In Defense of varchar(x)

This is a rebuttal to depesz's charx, varcharx, varchar, and text and David Fetter's varchar(n) considered harmful. I respect both depesz and David and in fact enjoy reading their blogs. We just have deferring opinions on the topic.

For starters, I am pretty tired of the following sentiments from some PostgreSQL people:

I don't like these sentiments because, it gives the perception of PostgreSQL users as a bunch of prissy people who expect everyone to step up to their level of misguided sophistication. We shouldn't cater to the lowest common denominator always, but when the lowest common denominator approach is easier to write, easier to read, and achieves the same purpose, why should people be forced to do it any other way. Domains and triggers are great things, but they are overkill in most cases and are harder to inspect.

I think depesz nails it on the head when he points out the main reason why varchar(x) is worse than text in PostgreSQL. It is because if you have a big table, changing the size of a varchar field takes eons in PostgreSQL. This is not so much the case with other databases we have worked with. To me this is not a problem with everyone else, but a problem with PostgreSQL, and something that should be improved on. In fact you would think this would be simpler in PostgreSQL than any other database since varchar and text are implemented essentially the same. The main difference it seems is that a text field always results in creation of an accompanying toast table where as varchar doesn't always.

Instead newcomers are patted on the head and told You young'in, just use text and throw a domain around it if you want to limit size.

I am not going to write a domain or trigger everytime I have to limit the size of a field, for several reasons and listed in priority.

  1. Easily to access and self-enforcing meta data is important. In many cases, its more important than performance.

    When I look at a CREATE TABLE statement or open up a table in a designer, the size there gives a sense of what goes in there. One can query practically any databases system tables (and the ANSI compliant ones have information_schema.columns) and get the size of a field with a single query. This simplicity in portability is a beautiful thing. This simplicity is important for people developing cross database tools. The size gives a sense of what is safe to select and what is not. The size gives auto form generators a sense of the width to make a field and limits to set on what can be put in it. It allows the tool to quickly determine whether to put in a regular text box or a text area. varchar(...) forces everyone to state this exactly the same across all databases. I don't need to figure out how to make sense of the logic embedded in a domain object or trigger or the fact that people can state the same thing differently with domains. If you don't care about the ease with which tool developers can extend their tools to work with your DBMS or making the common place needs easy, then you don't care about growing your community.

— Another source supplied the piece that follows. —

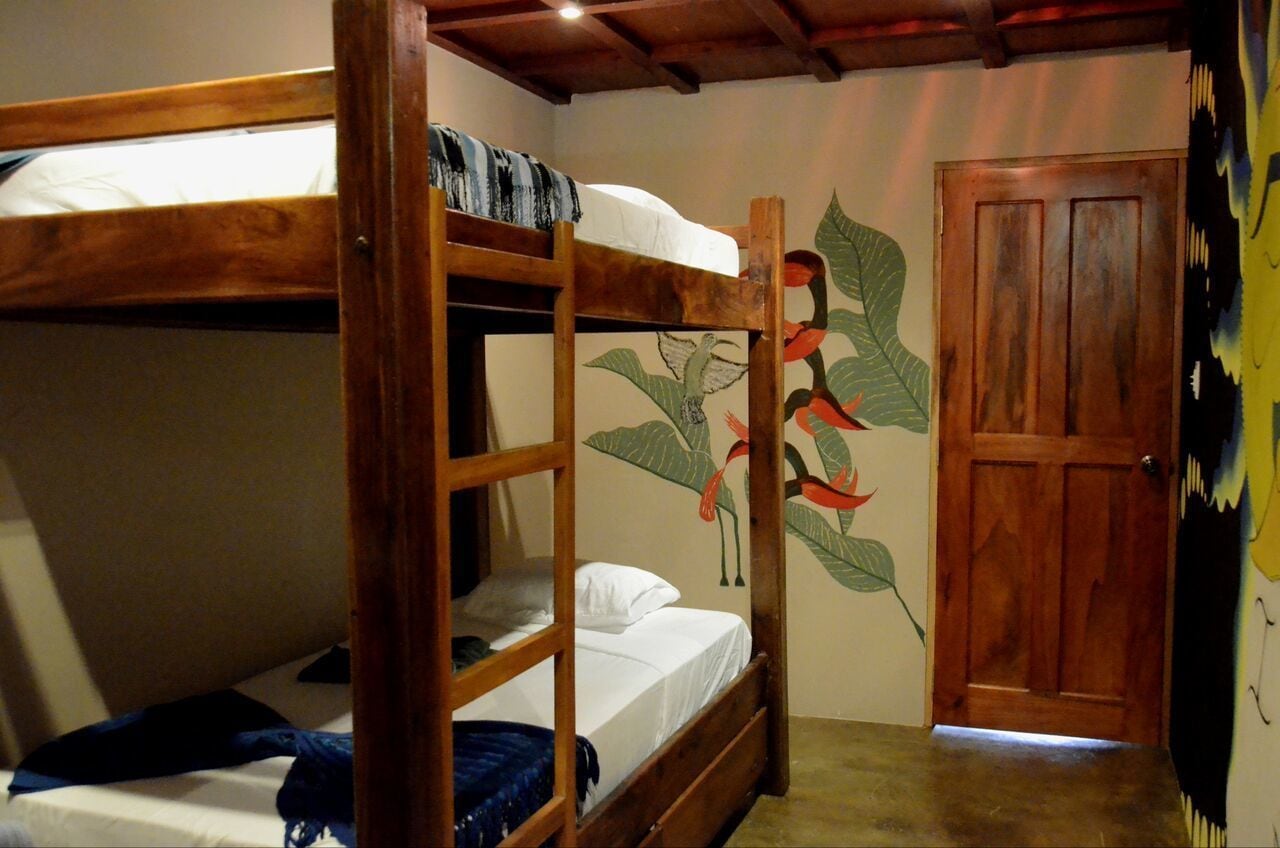A bunk bed room with a wooden door and a wall mural.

  2. Using domains when you are talking about 20 fields is way too much typing if all the fields need to be different sizes. varchar(x) has a semantic meaning that is easy to define in 2 characters or less. Domains do not.
  3. And to David -- "In the real world things have min sizes as well as max sizes" Yes, but maxlength in most cases is the most important thing. So important that it dwarfs the relevancy of other minutia. Most cases we don't bother with all the other nuances because it clutters the most important thing MAX LENGTH. Less is better than more. I don't want people stuffing the kitch sink in a first name field. Many people like me have t100s of first names they got in a naming ceremony. If they want to call themselves ! or @ or some 4 letter word, I really don't care, but if you are known by a 100 different names, I really only want to know about one or two of them, not all of them :)
  4. I am a lazy control freak who loves self-documenting structures. I like order. I like things done consistently and I don't expect to work hard to get that. Being a lazy control freak means I have more time to trick others and machines into doing my work for me so I can lounge around sipping long island iced teas :).

So in short I expect my relational database, not only to provide me good performance, but to provide me structure and ease of use as well. I like my crappy tools. My tools do what they are designed to do and I expect PostgreSQL to do the same without me having to jump thru hoops. I want easy walls I can put up and tear down. I choose my foreign key constraints and my field sizes carefully -- because they do more than just perform well. They are self-documenting objects that can draw themselves on a screen and are always consistent with the simple rules I set up. If I set a cascade update/delete, it means I expect the child data to go away when the parent does. If I set a foreign key with restrict delete, it means if the child has data, then the parent is way too important to be allowed to be deleted lightly. If I use a varchar(x) -- it means I want a max of x characters in that field. If I use a char(n), it means I expect the data to be exactly (n) characters long - which admittedly is rare.